Consider a wire carrying a current of $3 \, \text{A}$ in a magnetic field of $0.4 \, \text{T}$. If the wire is $0.5 \, \text{m}$ long and the angle between the current and the field is $60^\circ$, the force is:
$$F = (0.4 \, \text{T})(3 \, \text{A})(0.5 \, \text{m}) \sin 60^\circ $$
$$= 0.52 \, \text{N}$$
To find the direction of the force, use the right-hand rule for currents:
- Point your thumb in the direction of the current ($I$).
- Align your palm with the magnetic field ($B$).
- Your fingers will point in the direction of the force ($F$).
Force Between Parallel Wires
- Two parallel wires carrying currents exert forces on each other due to their magnetic fields.
- The force per unit length between two wires is given by: $$\frac{F}{L} = \frac{\mu_0 I_1 I_2}{2 \pi r}$$ where:
- $F$ is the force between the wires.
- $L$ is the length of the wires.
- $\mu_0$ is the permeability of free space ($4\pi \times 10^{-7} \, \text{T m A}^{-1}$).

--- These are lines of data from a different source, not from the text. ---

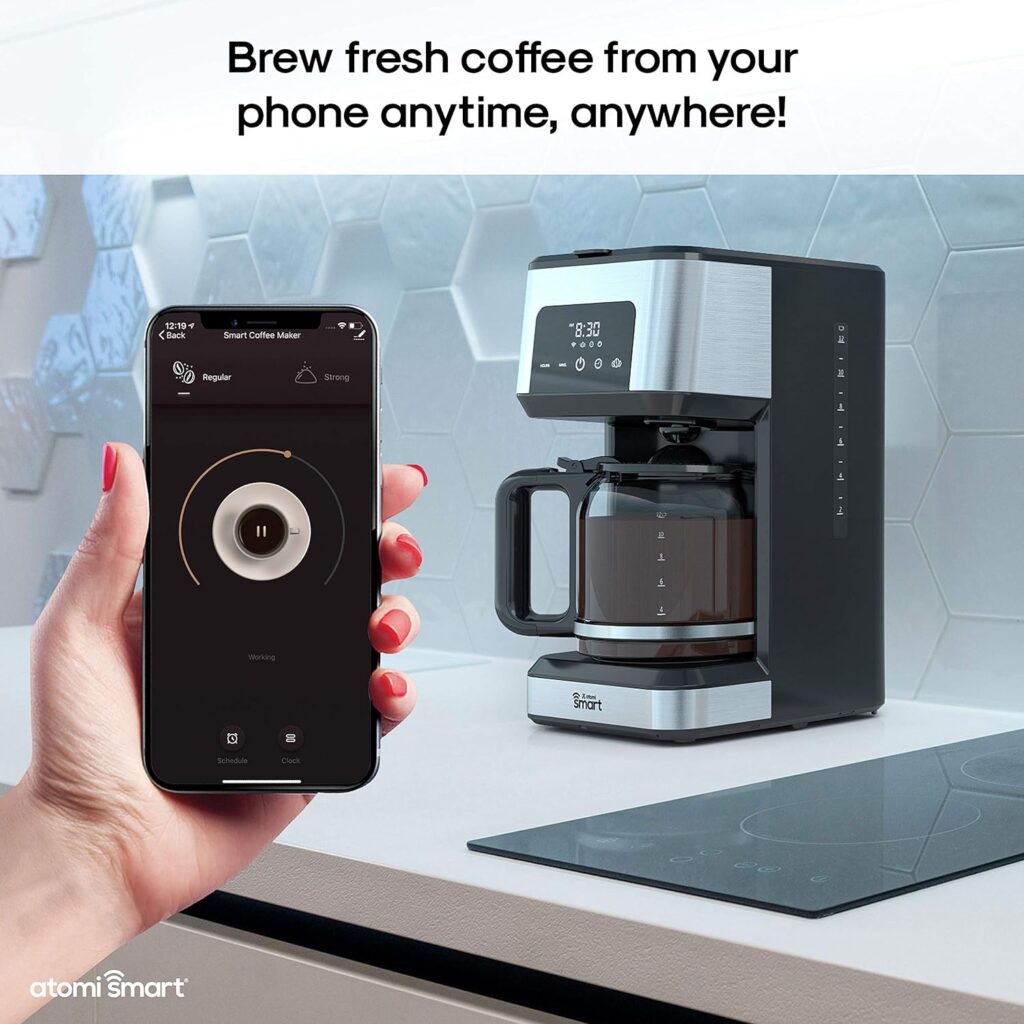 Atomi Smart WiFi Coffee Maker - No-Spill Carafe Sensor, Black/Stainless Steel, 12-Cup Carafe, Reusable Filter, Customization Features, Control with Voice or App, Works with Alexa and Google Assistant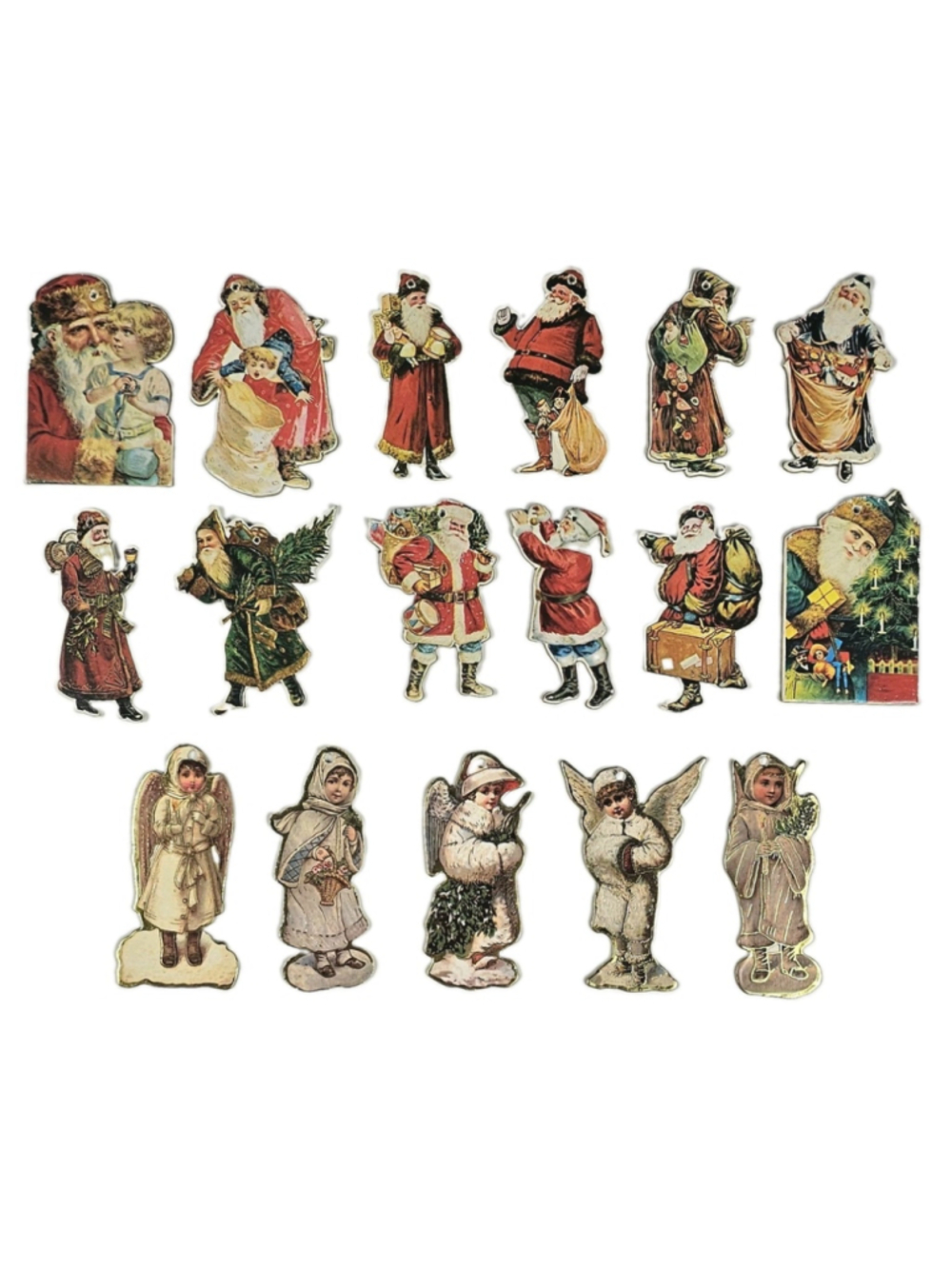 Vtg Christmas Die Cut Ornaments Lot 17 Victorian Santa Angel Ephemera Korea 80s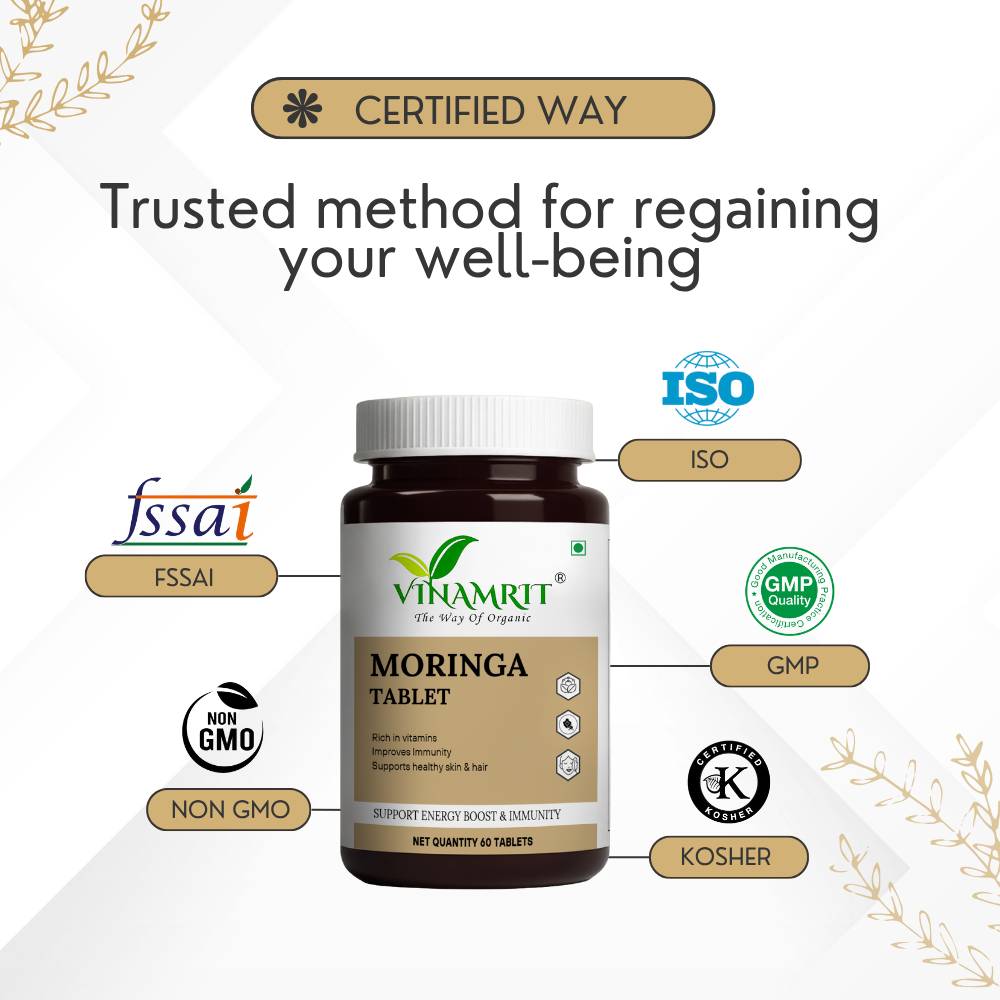 Vinamrit Moringa Tablets 500mg | Moringa Oleifera Leaf Powder Supplement | 100% Natural | 60 Vegetarian Tablets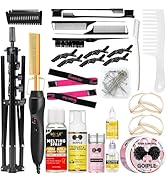 Goiple Wig Stand Tripod Metal Adjustable Mannequin Head Stand with Heater Surface &amp; 52Pcs Hot Com...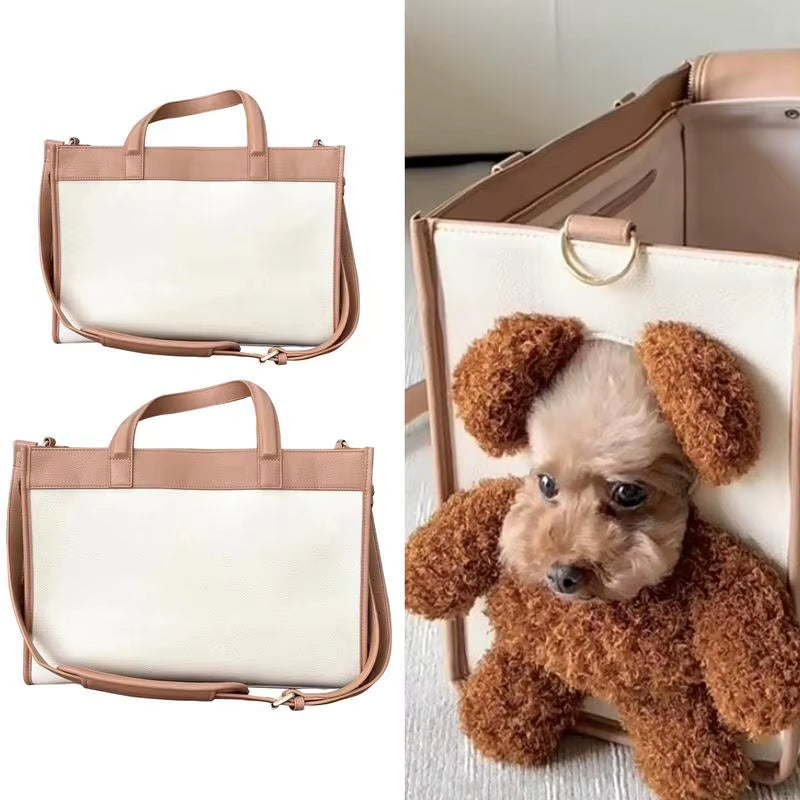 Dog Carry Bag PU Leather Dog Carriers Multifunctional Outdoor Cat Bags Puppy Breathable Carrying Pouch for Bunny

- $I_1$ and $I_2$ are the currents in the wires.
- $r$ is the distance between the wires.
If two wires, each carrying a current of $5 \, \text{A}$, are separated by $0.1 \, \text{m}$, the force per unit length is:
$$\frac{F}{L} = \frac{(4\pi \times 10^{-7} \, \text{T m A}^{-1})(5 \, \text{A})(5 \, \text{A})}{2 \pi (0.1 \, \text{m})}$$
$$ = 5 \times 10^{-6} \, \text{N m}^{-1}$$
The force between the wires is attractive if the currents flow in the same direction and repulsive if they flow in opposite directions.
- How do magnetic field lines differ around a bar magnet, a straight wire, and a solenoid?
- What happens to the magnetic force on a charge if the angle $\theta$ between its velocity and the magnetic field is $0^\circ$?
- How does the direction of current affect the force between two parallel wires?